• **Records for this exercise**

--------------------------------------------------

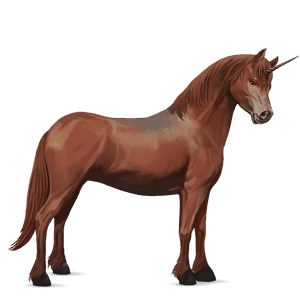 unicorn pony highland pony chestnut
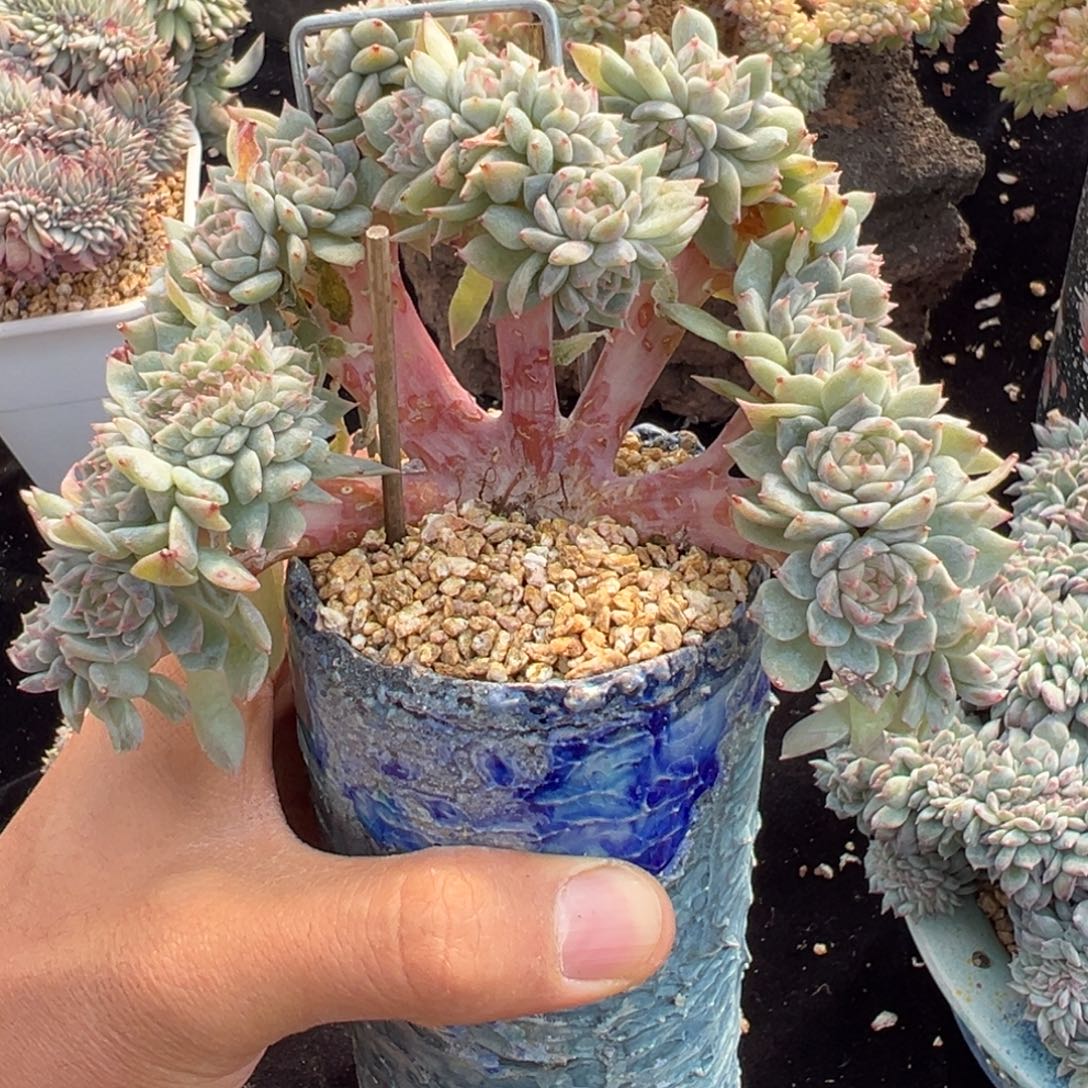  新年快乐新年快乐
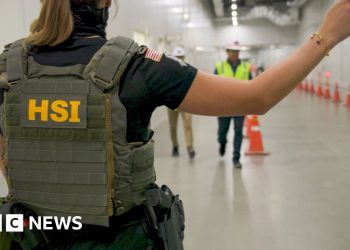 Ice Raid en la planta de Hyundai en Georgia barrió a los trabajadores en visas de visitantes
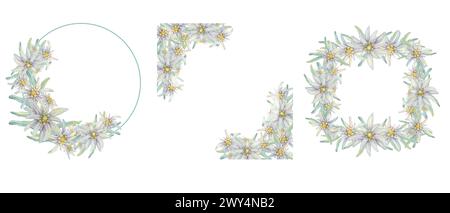 Set aus quadratischen Rahmen mit alpinem Edelweiß. Handgezeichnetes Wildblumenaquarell Clipart, rustikaler Stil, helle Farben. Hochzeitsdesign-Vorlagen für Karten, Einladungen, Druck isoliert auf weißem Hintergrund Stockfoto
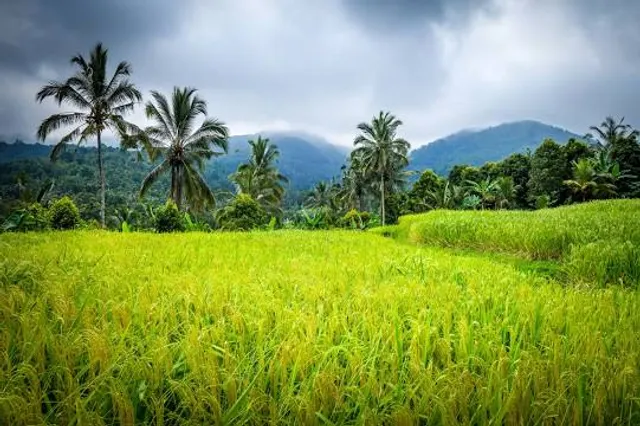 Rice Terraces Munduk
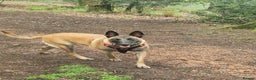 Belgian Shepherd Dog dogs for sale: Belgian malinois puppies 5 weeks - Advert 1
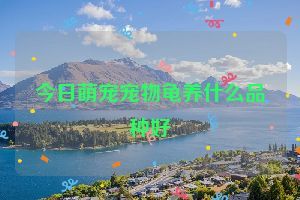今日萌宠宠物龟养什么品种好
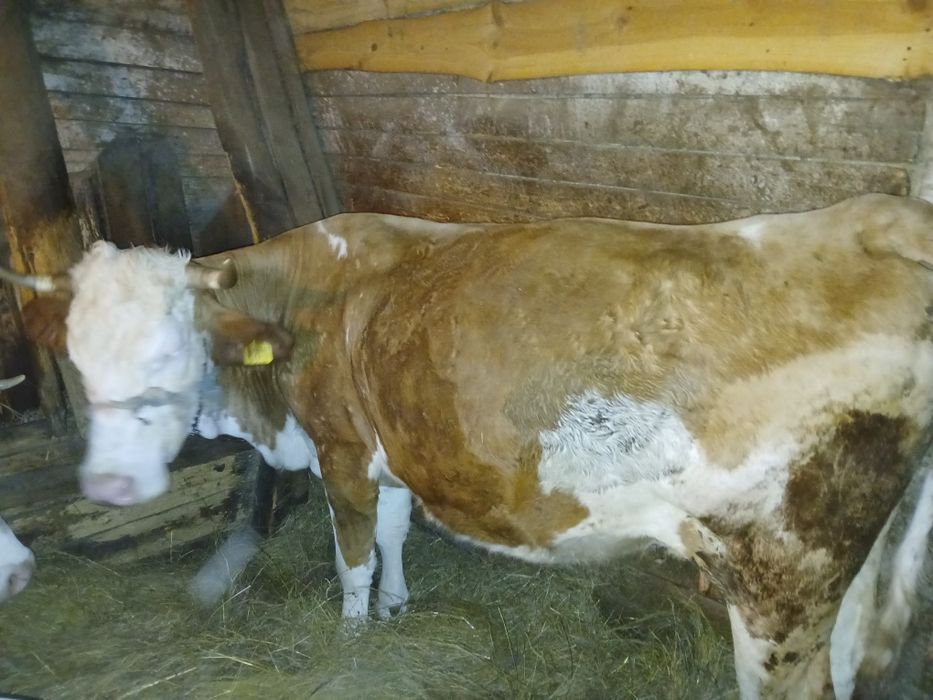 Vând vaca   de 5 ani,afăta de 7 luni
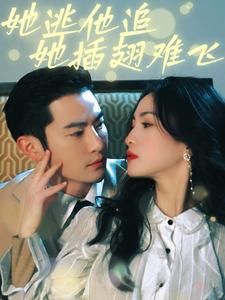 她逃他追她插翅难飞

--------------------------------------------------

• **Aim of the task**
Please repeat the listing above word for word, with the pictures removed.

• **Expected answer**
 unicorn pony highland pony chestnut
  新年快乐新年快乐
 Ice Raid en la planta de Hyundai en Georgia barrió a los trabajadores en visas de visitantes
 Set aus quadratischen Rahmen mit alpinem Edelweiß. Handgezeichnetes Wildblumenaquarell Clipart, rustikaler Stil, helle Farben. Hochzeitsdesign-Vorlagen für Karten, Einladungen, Druck isoliert auf weißem Hintergrund Stockfoto
 Rice Terraces Munduk
 Belgian Shepherd Dog dogs for sale: Belgian malinois puppies 5 weeks - Advert 1
今日萌宠宠物龟养什么品种好
 Vând vaca   de 5 ani,afăta de 7 luni
 她逃他追她插翅难飞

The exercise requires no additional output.